My Bare-Metal Kubernetes Home Lab
My Bare-Metal Kubernetes Home Lab
Running Kubernetes in a cloud provider is easy. Running it on your own hardware at home, with real networking constraints, real storage, and real TLS certificates — that's where you actually learn how it works.
This is a rundown of the cluster I've been running and iterating on for the past year.
The Cluster
Three nodes, all bare metal:
- k8s-master — control plane
- k8s-worker1 and k8s-worker2 — worker nodes
All running Kubernetes v1.29 provisioned with kubeadm, with Ubuntu as the base OS.
Networking
- CNI: Flannel for pod networking
- LoadBalancer: MetalLB — assigns real IP addresses from my local subnet so services get actual IPs, not just NodePort hacks
- Ingress: nginx-ingress-controller handles all inbound HTTP/HTTPS routing
This means I can hit any service at a real hostname on my network, with proper routing.
TLS Certificates
cert-manager with a Let's Encrypt ClusterIssuer and Cloudflare DNS validation.

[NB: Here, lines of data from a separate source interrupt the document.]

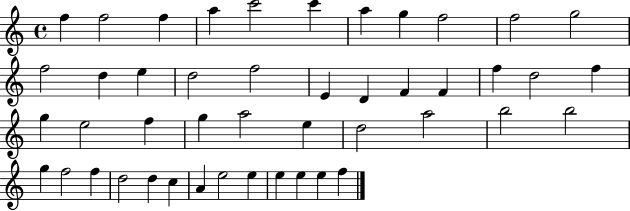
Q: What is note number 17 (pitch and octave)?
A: E4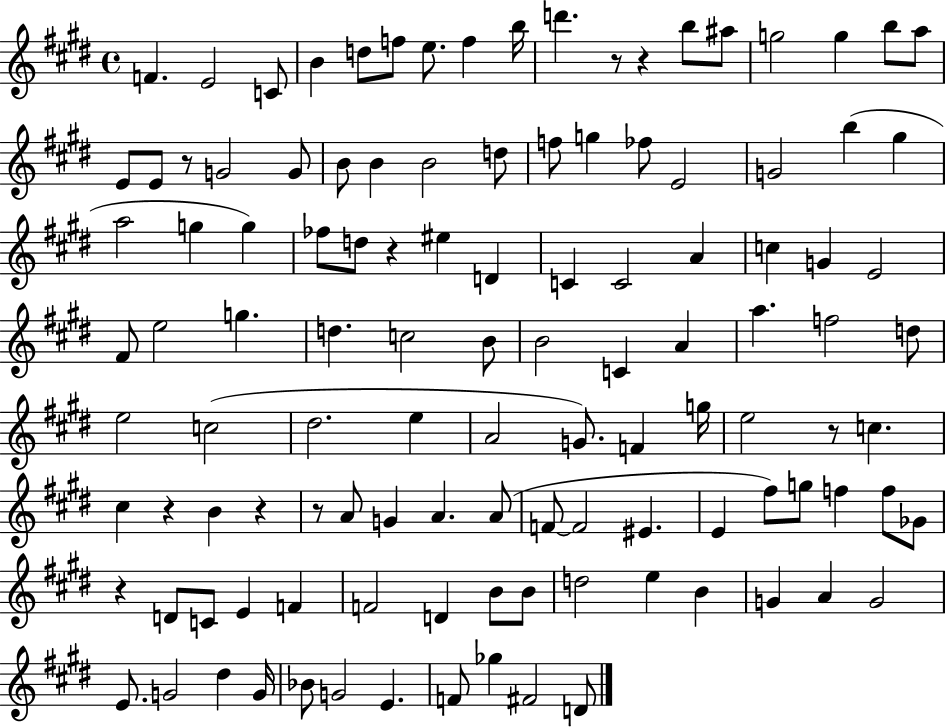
X:1
T:Untitled
M:4/4
L:1/4
K:E
F E2 C/2 B d/2 f/2 e/2 f b/4 d' z/2 z b/2 ^a/2 g2 g b/2 a/2 E/2 E/2 z/2 G2 G/2 B/2 B B2 d/2 f/2 g _f/2 E2 G2 b ^g a2 g g _f/2 d/2 z ^e D C C2 A c G E2 ^F/2 e2 g d c2 B/2 B2 C A a f2 d/2 e2 c2 ^d2 e A2 G/2 F g/4 e2 z/2 c ^c z B z z/2 A/2 G A A/2 F/2 F2 ^E E ^f/2 g/2 f f/2 _G/2 z D/2 C/2 E F F2 D B/2 B/2 d2 e B G A G2 E/2 G2 ^d G/4 _B/2 G2 E F/2 _g ^F2 D/2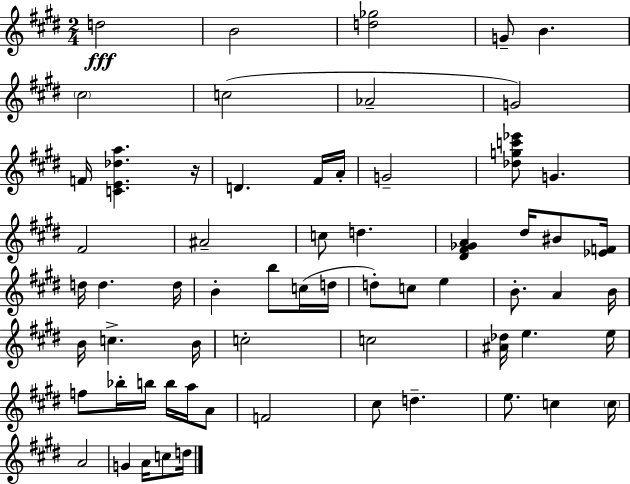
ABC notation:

X:1
T:Untitled
M:2/4
L:1/4
K:E
d2 B2 [d_g]2 G/2 B ^c2 c2 _A2 G2 F/4 [CE_da] z/4 D ^F/4 A/4 G2 [_dgc'_e']/2 G ^F2 ^A2 c/2 d [^D^F_GA] ^d/4 ^B/2 [_EF]/4 d/4 d d/4 B b/2 c/4 d/4 d/2 c/2 e B/2 A B/4 B/4 c B/4 c2 c2 [^A_d]/4 e e/4 f/2 _b/4 b/4 b/4 a/4 A/2 F2 ^c/2 d e/2 c c/4 A2 G A/4 c/2 d/4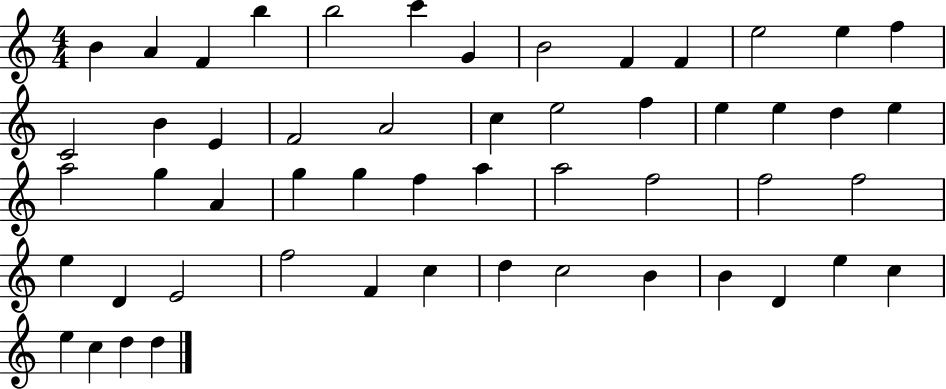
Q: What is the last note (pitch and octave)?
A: D5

Every service gets a real, trusted HTTPS certificate automatically — including wildcard certs for *.rfox.net. No self-signed certs, no browser warnings.
Storage
Longhorn for distributed block storage. It replicates volumes across nodes, which means if a worker goes down I don't lose data. It also has a solid UI for volume management and snapshots.
What's Running
Some of the services I self-host on the cluster:
- AWX (Ansible Tower) — automation and playbook management
- Home Assistant — smart home control
- Excalidraw — local diagramming
- Homebox — home inventory management
- Minecraft Bedrock — family server
- Kubernetes Dashboard — cluster visibility
- Ollama — local LLM inference
Plus the monitoring stack: Prometheus, Grafana, and New Relic for APM and log aggregation.
Observability
New Relic collects logs from all pods and gives me a dashboard across the cluster. For metrics I use both Prometheus/Grafana (for in-cluster dashboards) and New Relic's Kubernetes integration. metrics-server is also running for kubectl top support.
CI/CD
GitHub Actions builds and pushes container images to GHCR (GitHub Container Registry), then deploys to the cluster using kubectl. For static sites I use nginx ConfigMaps — no image builds needed.
Lessons Learned
Flannel restart storms are real. The kube-flannel pods accumulate restarts over the life of the cluster — this is usually harmless but worth watching.
cert-manager-cainjector is chatty. It restarts more than it should; it's a known issue. As long as certificates are issuing fine, it's noise.
Longhorn needs dedicated disk IOPS. Running storage replicas on the same drives as the OS creates contention under load. Separate disks (or at least separate partitions) helps.
MetalLB + Cloudflare Proxy = home.rfox.net. I point all public subdomains to a single Cloudflare-proxied IP that routes to the cluster. This keeps real IPs hidden and gives me DDoS protection for free.
What's Next
- ArgoCD for proper GitOps instead of manual
kubectl apply - Automated backups of Longhorn volumes to S3
- More AI/LLM workloads on Ollama as local models improve
The home lab is never finished — that's kind of the point.